# AIM OF THE EXERCISE
Write out nothing except the lines of the entries below, from the first through the one containing "Scotland / Edinburgh", exactly and without pictures.

# RECORD SET
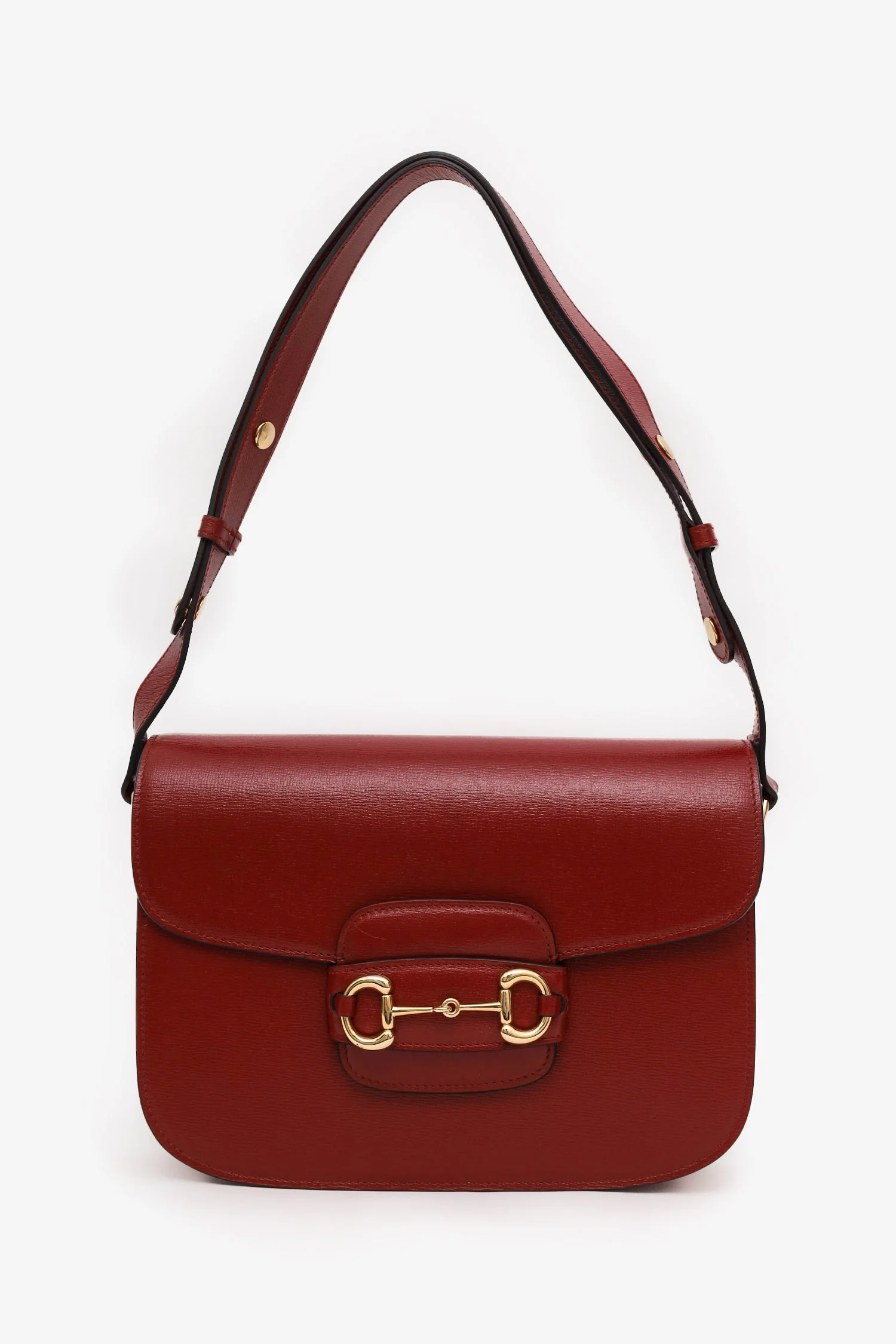 Gucci Red Leather Horsebit Medium 1955 Shoulder Bag - Image 8
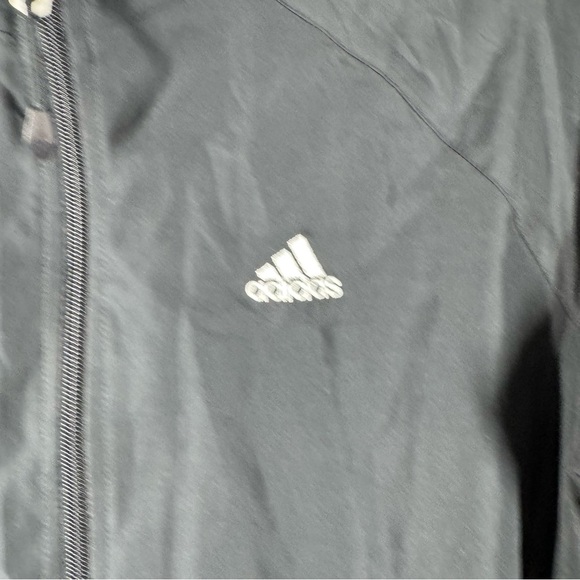 ADIDAS Jacket Womens Medium Black Full Zip Logo Long SleeveTrack Windbreaker M - Picture 5 of 7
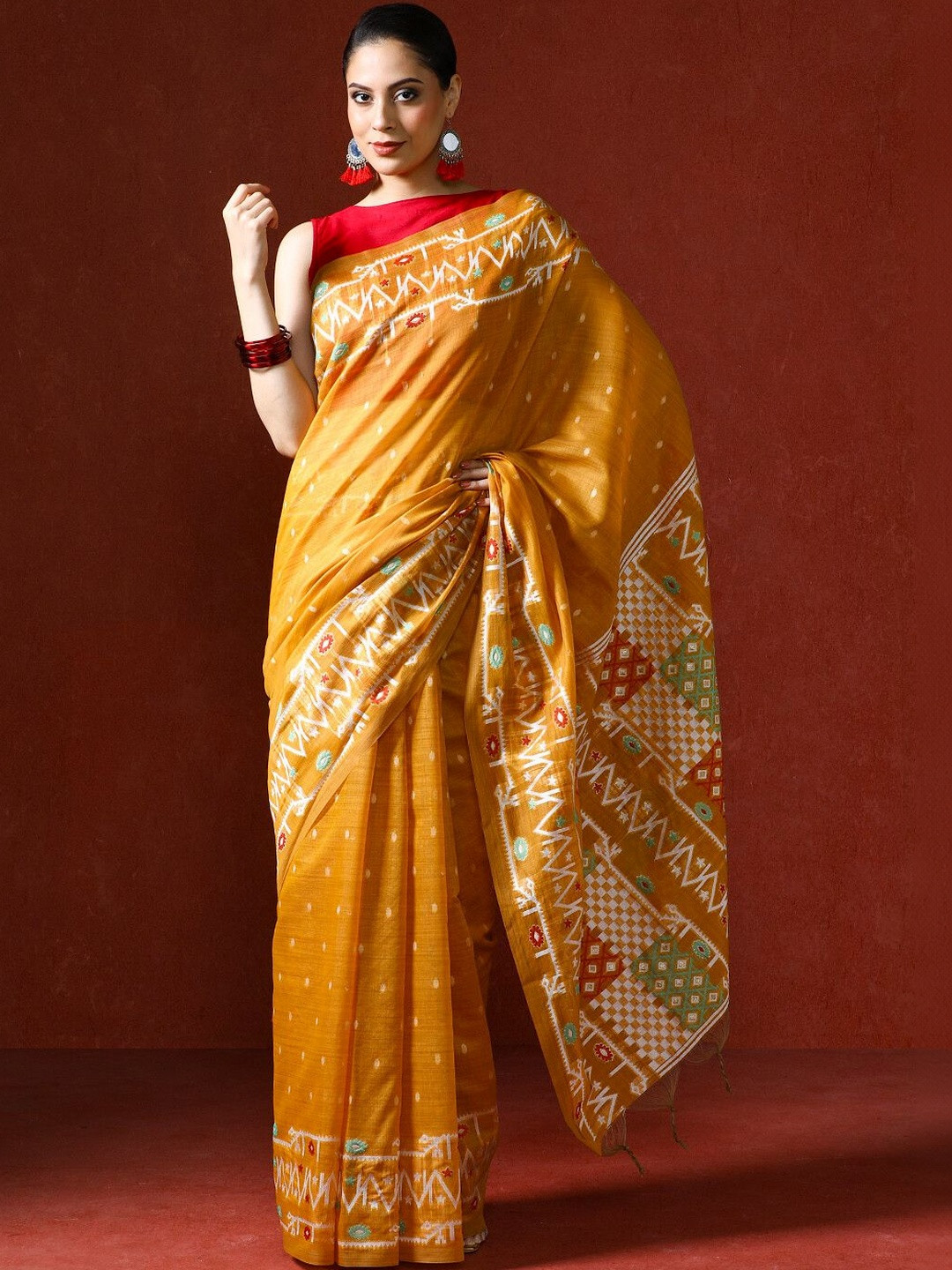 House of Pataudi Woven Design Chanderi Sarees With Blouse Piece
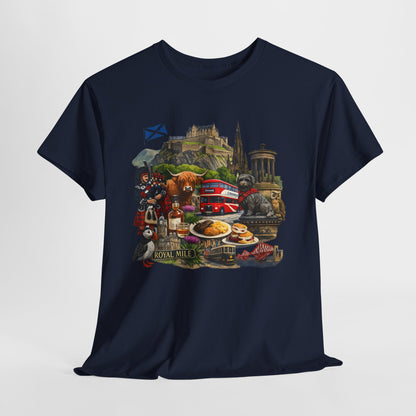 Scotland / Edinburgh Travel Collage T-Shirt — Edinburgh Castle, Bagpipes & Local Icons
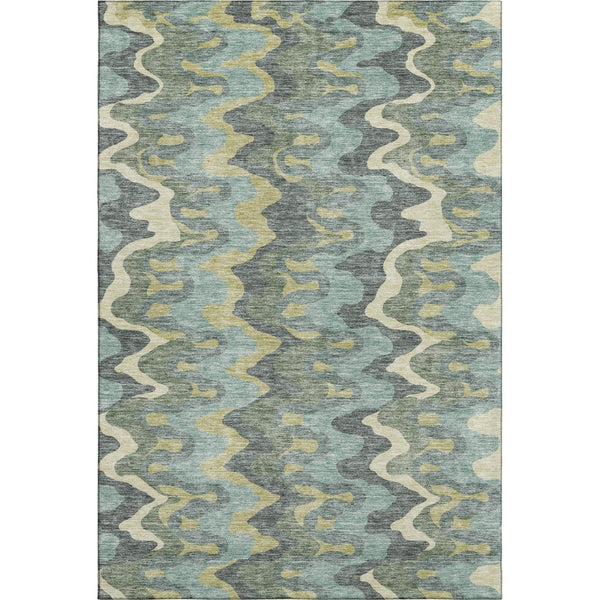 HomeRoots 5' X 8' Sage Ivory And Beige Abstract Area Rug - Washable, UV-Protected, Stylish & Durable Design 663157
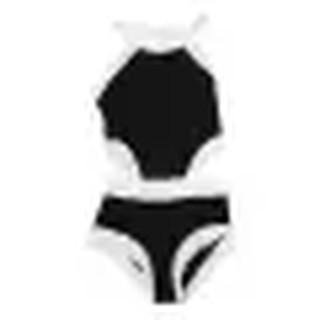 Easy Swim One-Piece Swimming Suit ( Black / White )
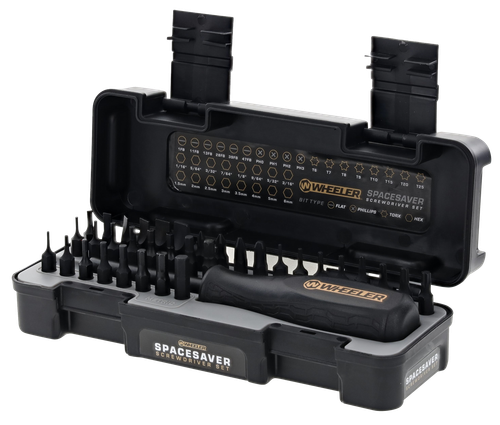 Wheeler 36 Piece Spacesaver Driver Set, Includes Bit Driver, 35 Bits, and Hard Case, Black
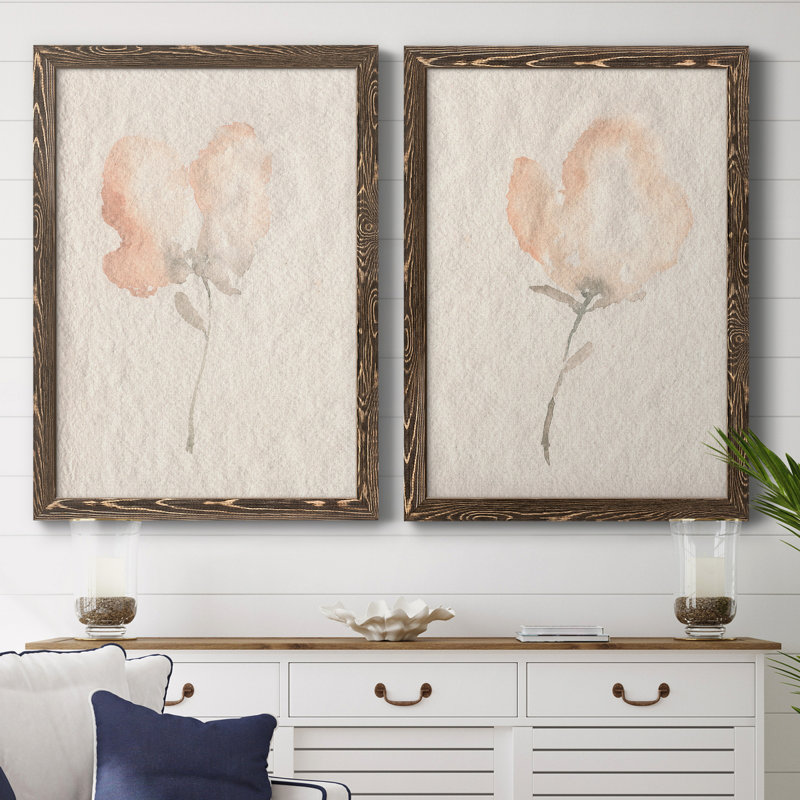 Fleur Petite I - Ensemble de 2 peintures sur toiles encadrées, H 31,5 po x l 47 po x P 1,5 po, Noyer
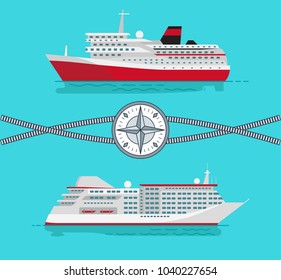 Ships and long ropes, with compass at centerpiece, transports and yachts, for comfortable trips and voyage, vector illustration, isolated on blue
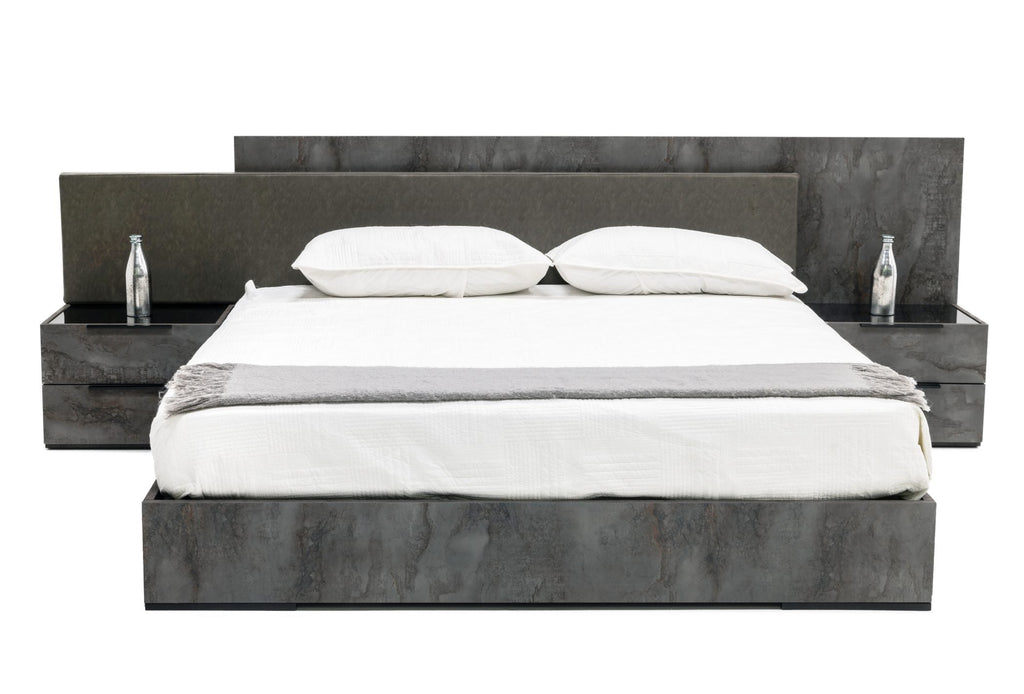 Nova Domus Ferrara Queen Modern Volcano Oxide Grey Bed With Nightstands Model VGACFERRARA-BED-2NS-SET-Q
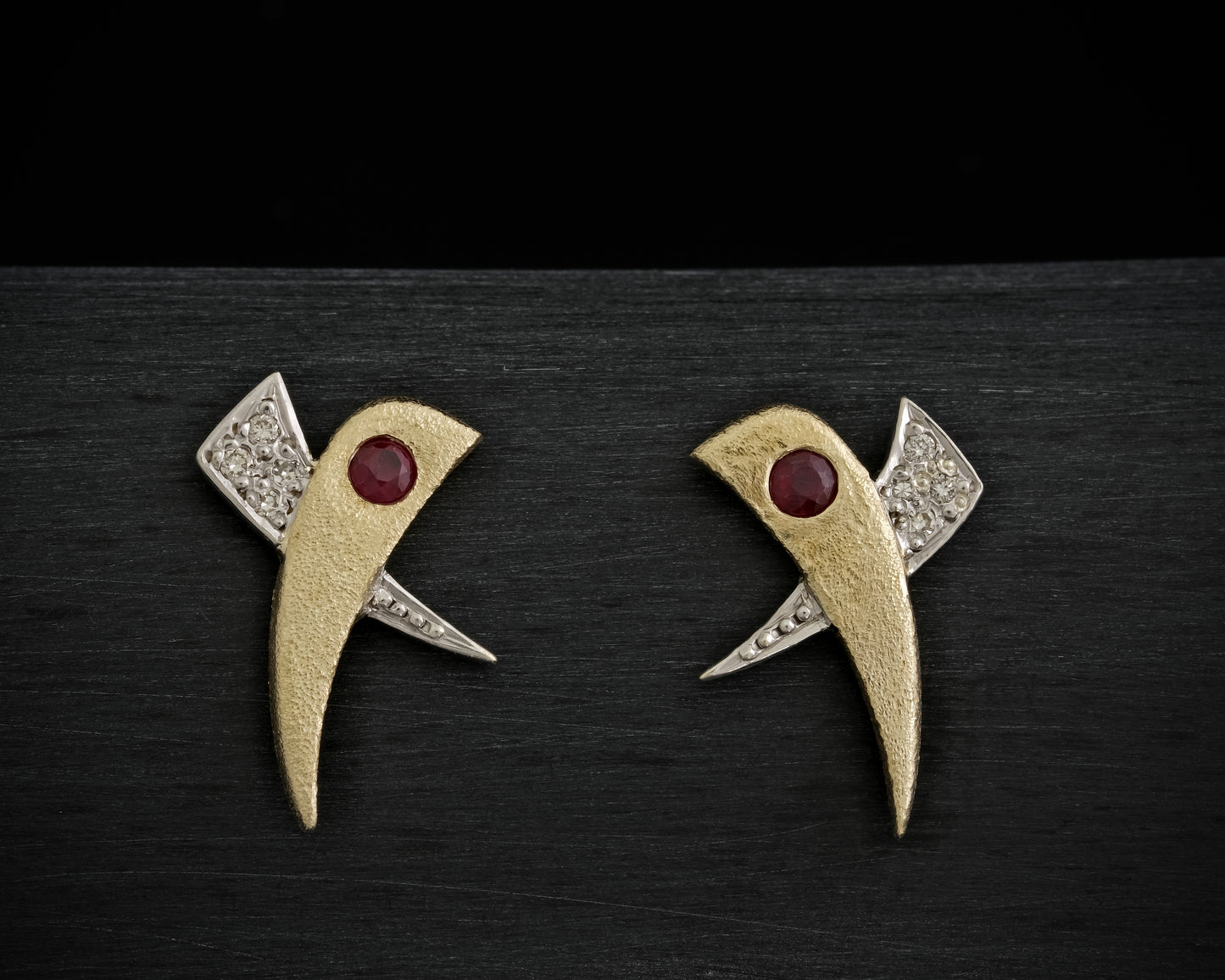 9ct Gold Ruby and Diamond Ear Studs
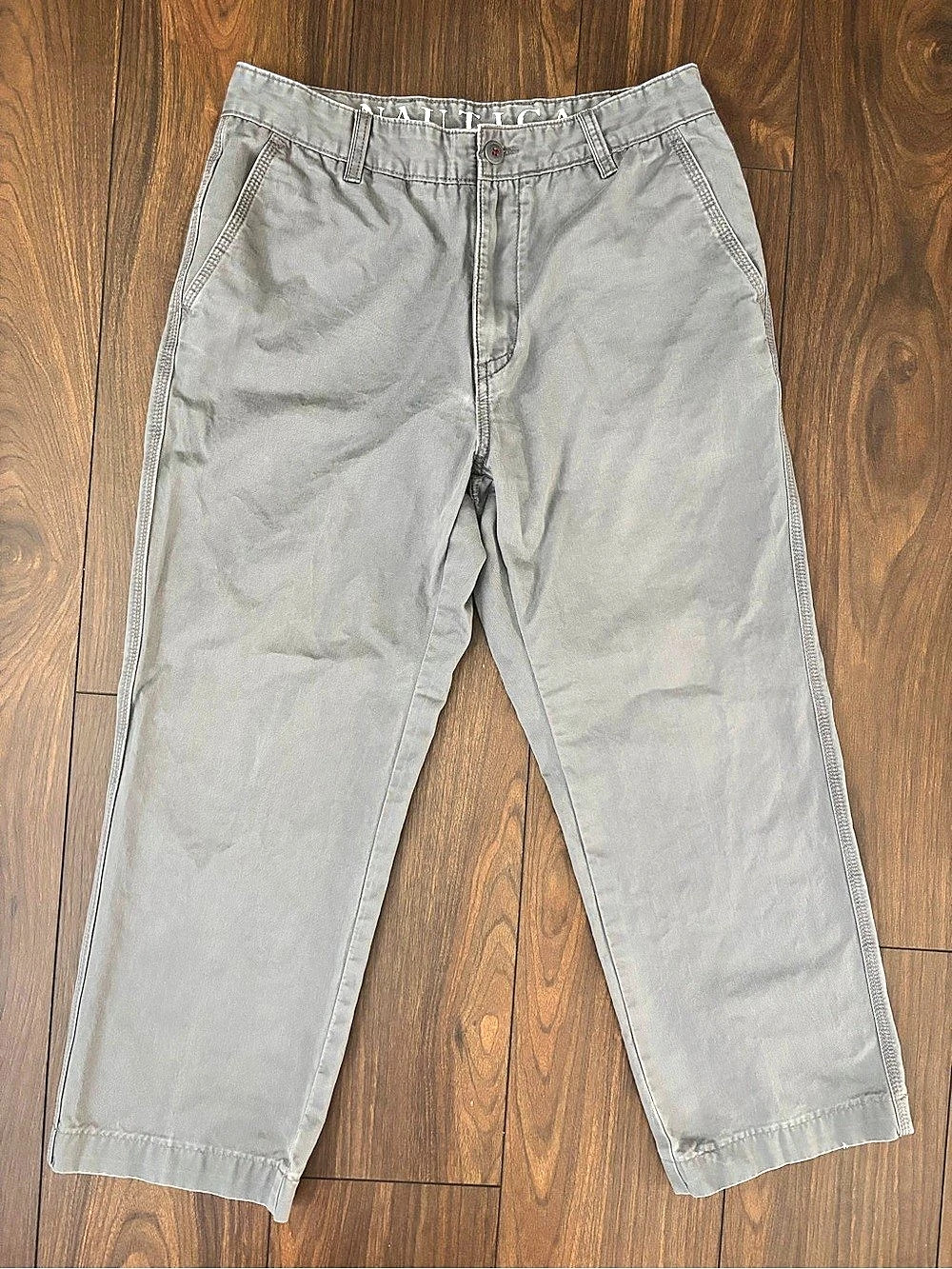 Nautica Classic Fit Deck Pant Men's Gray Cargo Pants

# YOUR SOLUTION
 Gucci Red Leather Horsebit Medium 1955 Shoulder Bag - Image 8
 ADIDAS Jacket Womens Medium Black Full Zip Logo Long SleeveTrack Windbreaker M - Picture 5 of 7
 House of Pataudi Woven Design Chanderi Sarees With Blouse Piece
 Scotland / Edinburgh Travel Collage T-Shirt — Edinburgh Castle, Bagpipes & Local Icons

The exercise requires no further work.